Social Business Framework: an integrated approach to managing enterprise communities

Earlier today, Charlie Hill, CTO for IBM’s Collaboration Solutions provided an overview of Social Business as the first in a series of webinars on this topic.

I’m familiar with the confusion that exists in the marketplace around what Social Business represents, from those who see this as little more than the old oil of social media in new bottles, to the appropriation of the ambiguous term ‘social’ (there’s no direct link here to ‘corporate social responsibility’ or ‘socialist policies’. Charlie did a good job of setting out his stall, suggesting:

  • Social business accelerates communication and collaboration across networks of employees, customers and partners
  • Enterprises may use social content to capture and share expertise and best practices, making ad hoc processes more efficient and transparent
  • Social business enables new business insights by analyzing social data to gain a better understanding of business situations and the decision-making process

Key points here are that that social networks create real business value and allow businesses to be more agile and flexible. You can’t just put up a Facebook page and consider that the job’s done.

Charlie spent the rest of the presentation covering the Social Business Framework, which he defined as follows:

(click to expand)

Consider roles/processes/applications

This should start before any software or technical evaluation. Look at where the current bottlenecks or costly process fissures occur and start with looking at how these can be fixed. Also look for areas where most employees are spending most time. Around these processes are the areas where you stand to see the biggest improvements.


This can be described as facilitating communication across the ecosystem. It could be the use of messaging services to share short, synchronous messages with suppliers. It could be an internal Twitter-style tool.


Intranets are nothing new. Fundamental here is the development of systems to allow user-generated content. Holding product documentation within a wiki environment where any user can add input is an example of this.


In this context, insight refers to using analytics to monitor the social space. It could be that you look for keyword trends to help structure the information and ensure that the system prioritizes the content of most interest to users.

Identity integration and governance

User accounts need to be maintained. Within an organization it may make sense to relate profiles to the organizational structure to help users determine the relative importance of content and understand where the perspective is coming from.

There may also be some information which should remain private. Perhaps delicate communication between HR and Finance around a merger. Governance policies and security can guard against nasty accidents. 

Cooperative application technologies

There can be a number of tools within the enterprise that can be enhanced by integrating social components. Eg. web analytics. Integration could be handled through widgets, APIs, LDAP or other methods that tie systems together.

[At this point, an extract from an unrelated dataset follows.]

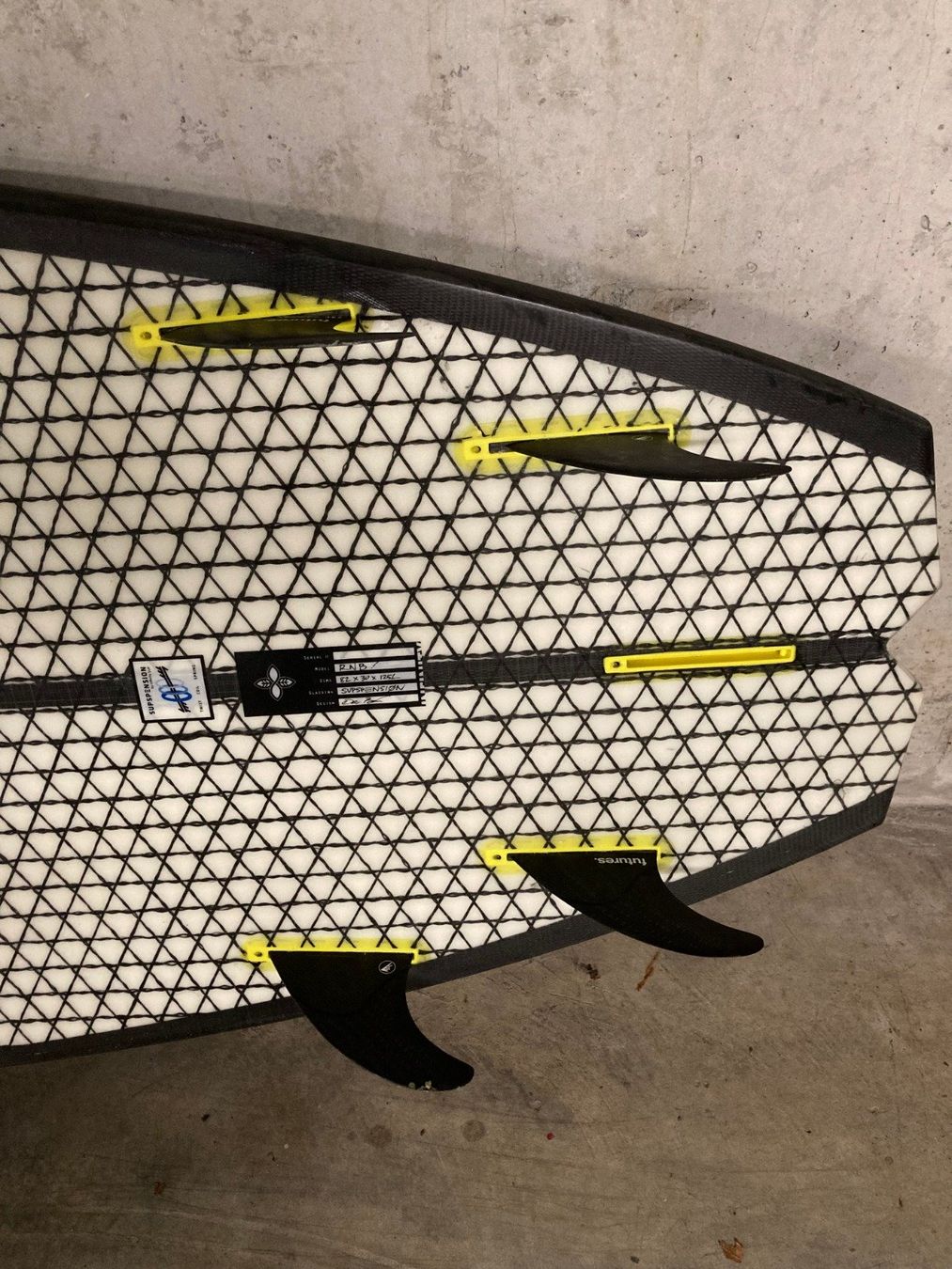 Tavole da surf e di nuoto: Infinity RNB SUP Surfboard 125L – Usato da Greifensee venduto da gan_z8ht 6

Strategy and change management

The bookends on this diagram talk to implementation and maintenance of the Social Business Framework. Given the fact that this market is by no means mature, you should definitely consider what the upgrade path may look like and how easily the delivery model can be changed (like moving the application to the cloud).

This webinar provided a great primer on Social Business and provides a stepping stone into the further topics in this webinar series: The Social Business Toolkit, Lifting Applications to the Cloud, Social Applications go Mobile.